Amanezcamos bailando juntos
en lo que queda de la vejez.
No es que no desee
poseer nada del mundo,
es que me encuentro mejor
en el placer disfrutado en soledad.
Ryokan, cuya poesía y caligrafía son muy admiradas
hoy en día en Japón, se liberó de la moderna vulgaridad de su época y
permaneció inmerso en la elegancia de los siglos anteriores. Vivió en el
espíritu de sus poemas, errando por senderos silvestres, con una cabaña de
hojas por guarida, vistiendo andrajos, conversando con campesinos. La
profundidad de la religión y de la literatura no radicaba para él en lo
complicado, más bien perseveraba en la literatura y en la fe del espíritu
benigno que resume una sentencia budista: "rostro sonriente y palabras
amables". En su último poema no ofrece nada como legado, sin embargo,
esperaba que la naturaleza continuase siendo bella.
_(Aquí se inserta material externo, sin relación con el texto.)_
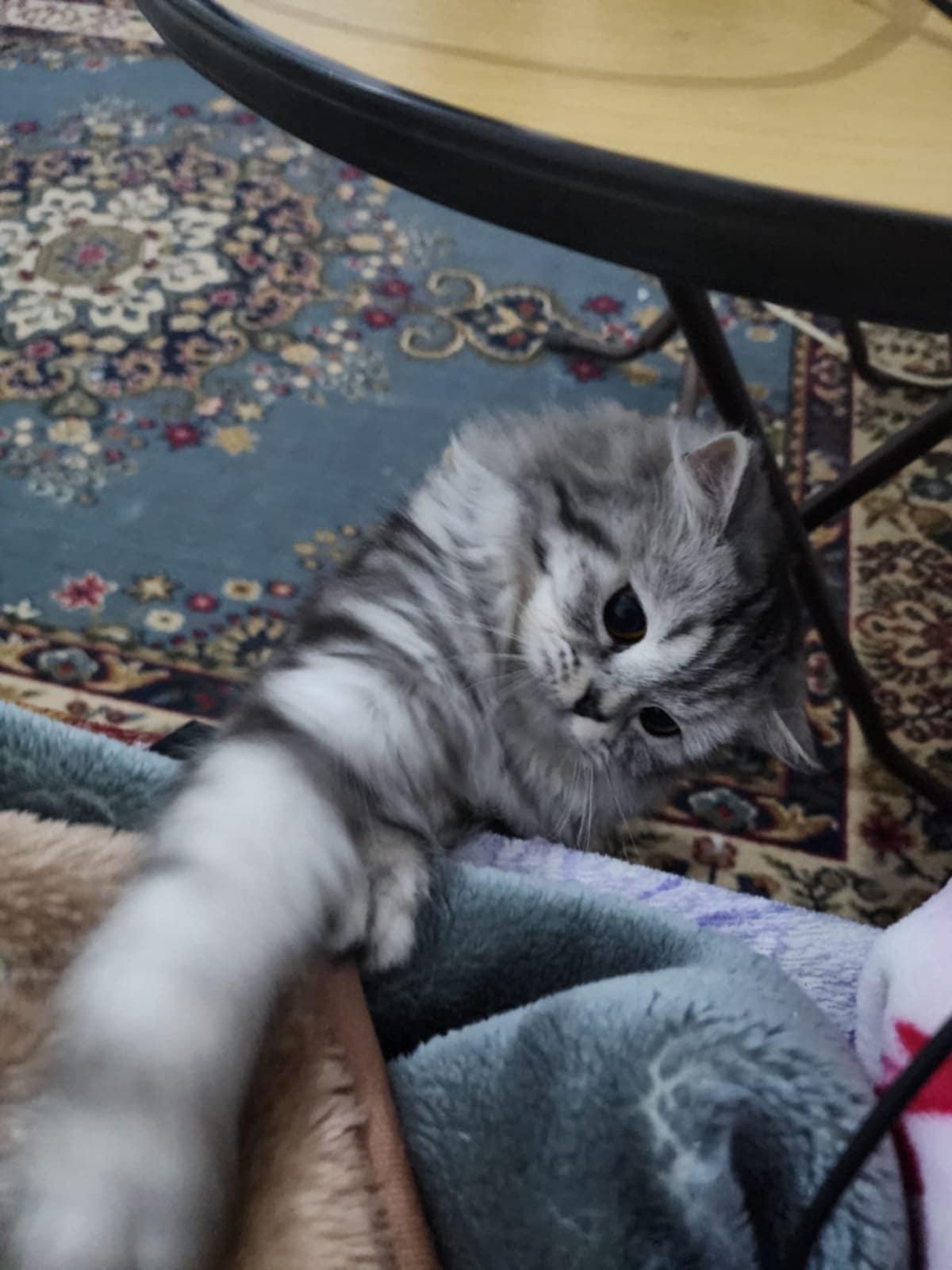 Baby Girl, a Adopted mixed breed in Mississauga, ON image 6/6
Ése sería su legado. Es un
poema que lleva dentro de sí el espíritu tradicional japonés, y en el que se
percibe el sentimiento religioso de Ryokan:
Ha llegado ella,
a quien tanto esperaba.
Ahora que estamos juntos,
¡cuántos sentimientos afloran!
Ryokan también escribió poemas de amor. Y éste es
un ejemplo que me gusta. Ya senil, a sesenta y ocho años podría señalar que, a
esa misma edad, estoy recibiendo el Premio Nobel, Ryokan conoció a una monja de
veintinueve años, llamada Teishin, y fue bendecido con el amor. Ese poema puede
considerarse destinado a cantar la felicidad de haber encontrado a la mujer sin
edad, la felicidad de haber hallado a quien tanto esperó. La última línea del
poema expresa ese sentimiento con plena sinceridad.
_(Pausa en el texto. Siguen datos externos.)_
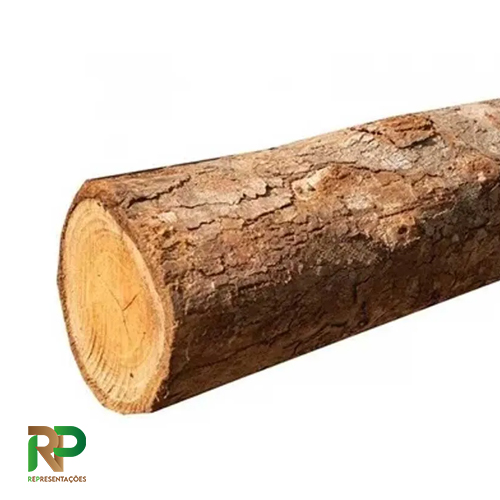 Pontalete de Eucalipto Roliço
Ryokan murió a los setenta y cuatro años. Había
nacido en la prefectura de Echigo, actual prefectura de Niigata, escenario de
mi novela País de la nieve (Yukiguni), en la región septentrional conocida como
el dorso de Japón, donde los vientos helados bajan de la Siberia a través del
mar de Japón. Ryokan vivió toda su vida en el país de la nieve, y en su
"visión en los últimos momentos", ya viejo y cansado, sabiendo que la
muerte estaba próxima y habiendo alcanzado el estado de iluminación, me imagino
como vemos en su último poema que el país de la nieve era áun más hermoso para
él.
He escrito un ensayo titulado "Visión en los
últimos momentos". El título proviene de la nota que dejó, al suicidarse,
Ryunosuke Akutagawa (1892-1927), autor de cuentos breves. Es la frase que me
conmueve con más intensidad. Akutagawa expresaba que le parecía estar perdiendo
gradualmente ese algo animal conocido como "la fuerza de vivir", y
agregaba: "Estoy viviendo en un mundo de nervios mórbidos, diáfanos y
fríos como el hielo […] No sé cuándo alcanzaré la resolución necesaria para
matarme. Sin embargo, la naturaleza es para mí más bella de lo que nunca había
sido antes. No dudo de que sonreirás ante la contradicción entre mi amor por la
naturaleza y el contemplar la posibilidad del suicidio. Pero la naturaleza es
bella porque viene a mis ojos en los últimos momentos".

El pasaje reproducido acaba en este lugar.